Everything that really matters…
It’s been a little while since I posted a roundup of what was going on in the Sioverse, so I thought to myself this morning, while chatting with the lovely (and delightfully mean) Peasan Kuu, that I should – if only to remind myself what I’ve been doing, and more to the point, what I have not been doing and should have been.
I’ve not played Eve Online a lot lately. It seems to come and go in cycles for me, especially now. Freya mentioned something a month or so back, which I didn’t really pick up on, but is true. We fly the biggest, most powerful ships available in Empire Space. Apart from adding even more weapons and add ons, there’s no way to progress without going into full time PvP, which I dislike intensely. So, I log in to train skills. I’m sure interest will return soon, and I’ll play more. It’s just … well, you know what I mean anyway. A game should be fun, not a chore, and flying in low-security space means watching over my shoulder every moment for people who think it’s fun to start a sneak attack on an unsuspecting ship… that’s not fun… that’s harassment, and I don’t need it. Still, I’ll need to log in tonight, as I have a skill training that’s near completion, so at least my drones will fly faster ;-).
I don’t play Sociolotron either anymore, but I do still talk to people from there, especially Sha Parker and Tuesday Next. They, especially Sha, keep me informed somewhat of what goes on there from day to day. Maybe some time I’ll look back in again, but I don’t think it will be soon if I do. Much the same goes for World of Warcraft, Horizons or Lineage II and it’s clones. They’re nice enough games for the most part, but I don’t like the grind. Maybe I’m just lazy.
In Second Life, I’ve been somewhat more active. I’ve been nagging Freya for a while about bringing back Primtionary in Zazi. I’m not really sure how it differed from the other Primtionary games really, except perhaps in the people who came, and the general quirkiness. Whatever it was, it was popular, and often, we’ve been asked about it. Well, the truth is, it’s not easy to run all the time. You need a word-list that’s being constantly modified and added to. It needs to be run properly and can be stressful – ask any of the few remaining Primtionary hosts out there… it’s not a fully automatic thing like the *ingo games out there. It’s been tried. You can use a script to identify who guesses first, and while where there’s lag, it’s fairer (ok, someone lagged can be unlucky – but it’s the machine that picks, so there’s no accusation of favouritism), but it can’t account for typos.
In any case. While Freya’s not yet ready to go back to running the game, she’s offered me space to run it myself, and maybe she’ll co-host or guest host from time to time. I’ve built the stage, and more or less completed the scripting. All I need is a word-list, some sponsors (I need prize money), and an audience. I’m sure we’ll be available to start next week if not sooner. Maybe even on Sunday!
I took some building contracts recently, which while they haven’t made me rich in any sense of the word, at least mean I’m not scraping for cash every time I see a new pair of shoes.
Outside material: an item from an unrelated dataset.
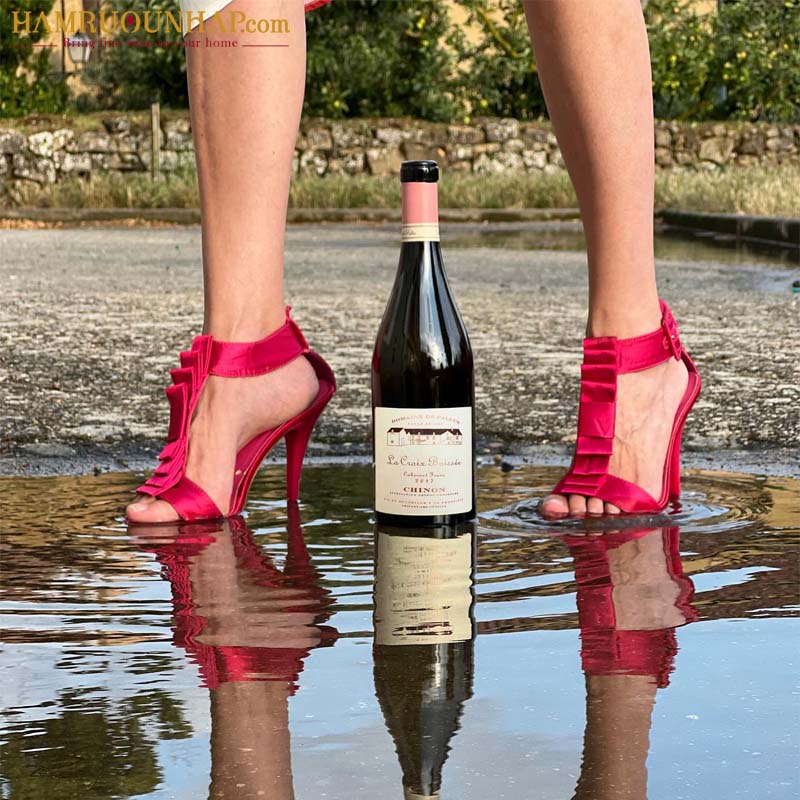 Rượu Vang Pháp Domaine De Pallus La Croix Boissée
It’s renewed my interest in building things too, so hopefully, if it keeps up, I’ll spend more time doing it, get more contracts, and eventually buy some land again. Who knows, miracles could happen!
And finally RealLife™. I’m sorry I don’t have a URL, but it seems very obscure these days. Not many people play and the website seems to have reverted to some foreign porn site, to which I won’t link – at least, not today. So, I’m still out of work and looking, but it’s hard, it’s soul-crushing. For sure, I have a couple of issues that make it a little harder to find work than it might be otherwise, but sheesh. I don’t even get interviews these days. The only positive thing is that at least I own my home now, so at least the bank can’t foreclose and throw me out on the street.
I’ve been on my diet and off alcohol now for three and a half weeks. I’ve not weighed yet, but clothes are starting to feel a little looser on me. I take this as a good sign. Of course, with St Patrick’s day coming up on Saturday, I get the feeling that all my hard work will be undone. At least, I can tell myself, it’d be worse if I hadn’t dieted in advance! We’ll see.
That reminds me. It’s Mothers’ Day here in the UK on Sunday. I’ll have to do something about that. Second Life’s down for maintenance this afternoon and I’m off shopping, so I can deal with that, at least.
Well, that’s it for now. I have job applications to fill in – no doubt another waste of time but I have to try – and I should get ready to go out. It’s a nice day in the big blue room, and I don’t want to waste all of it.